▶ [WHAT IS EXPECTED] This calls for a word-for-word copy of all the data, with each picture removed.

▶ [DATA PROVIDED]
= = = = =
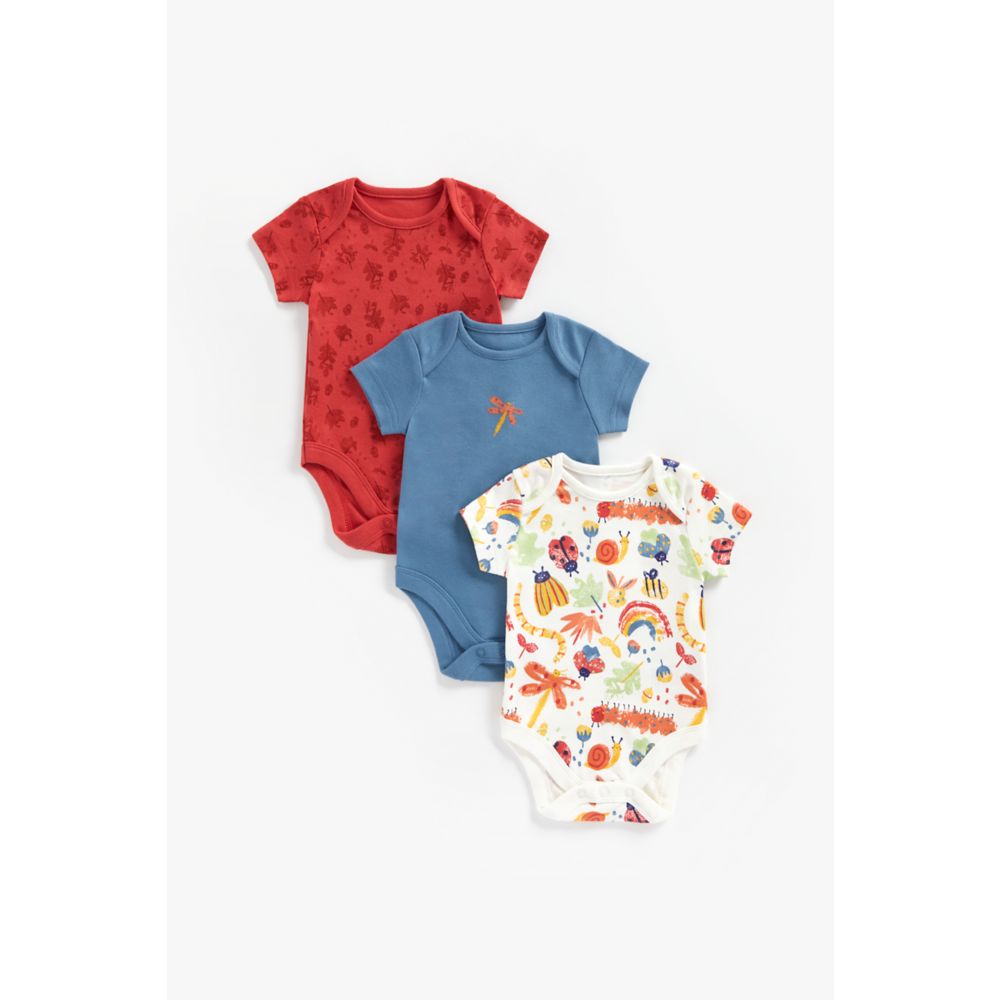 Mothercare Good Life Bodysuits - 3 Pack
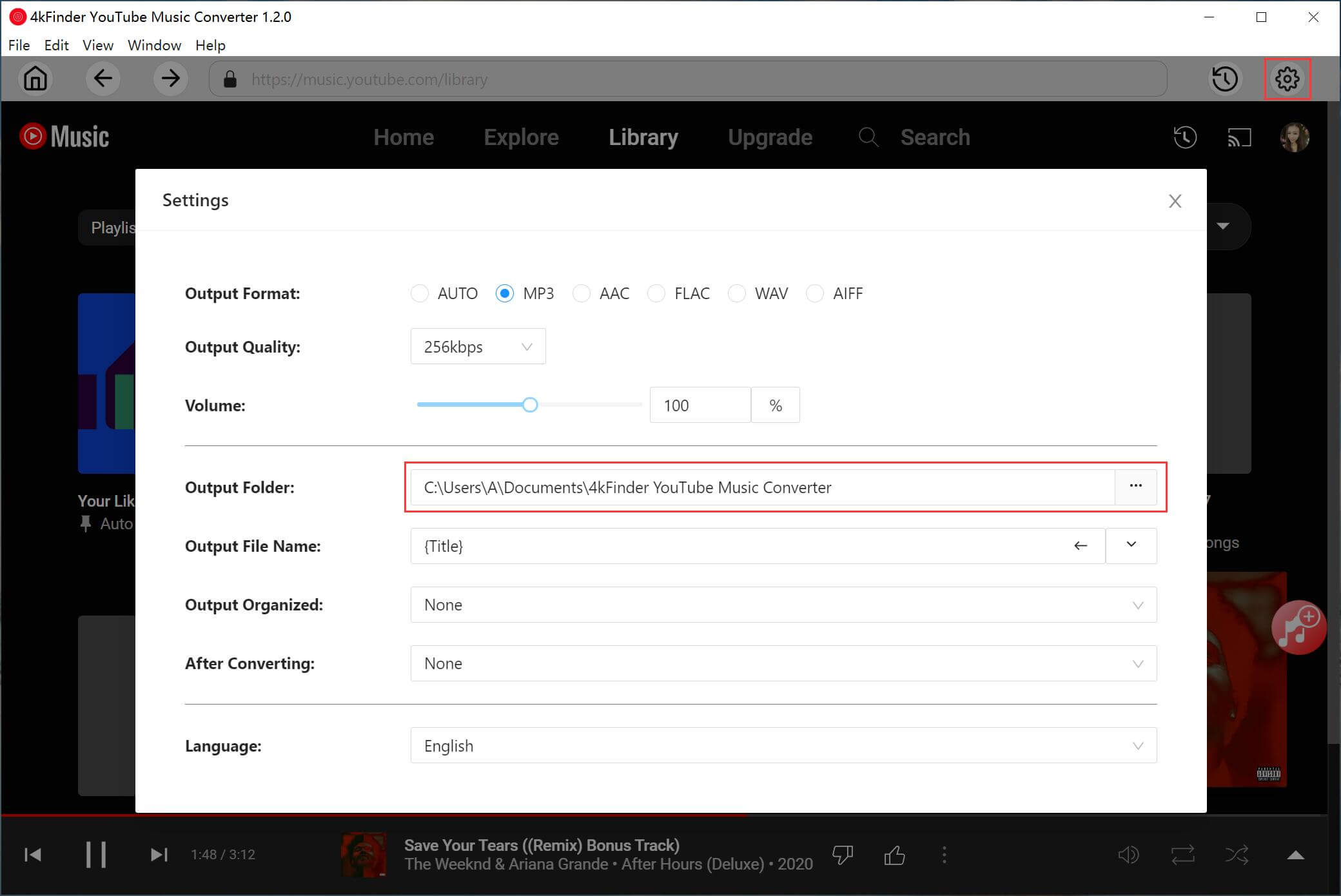 youtube-music-output-folder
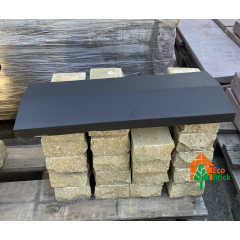 Коник для забору бетонний 360х680 мм чорний Черкаси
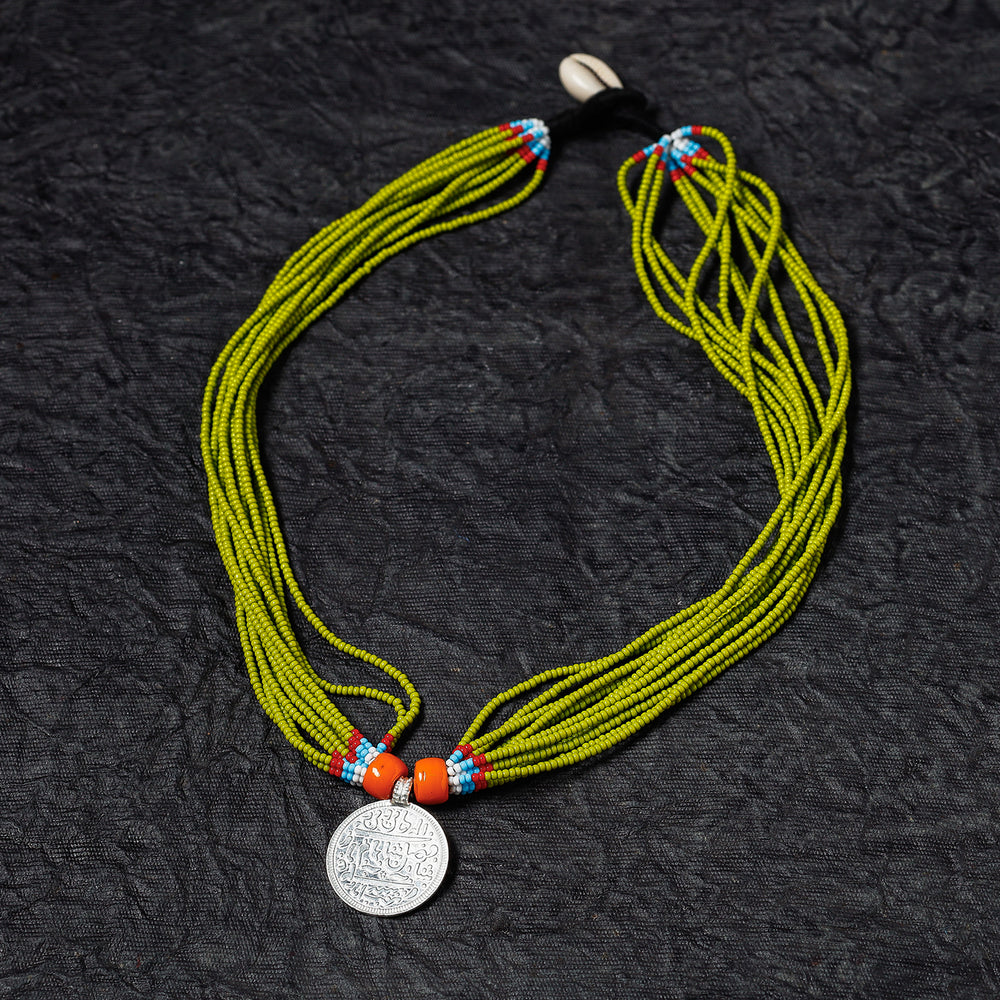 Bead & Coin Work Handmade Baiga Tribal Necklace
= = = = =
▶ [REPLY]
 Mothercare Good Life Bodysuits - 3 Pack
 youtube-music-output-folder
 Коник для забору бетонний 360х680 мм чорний Черкаси
 Bead & Coin Work Handmade Baiga Tribal Necklace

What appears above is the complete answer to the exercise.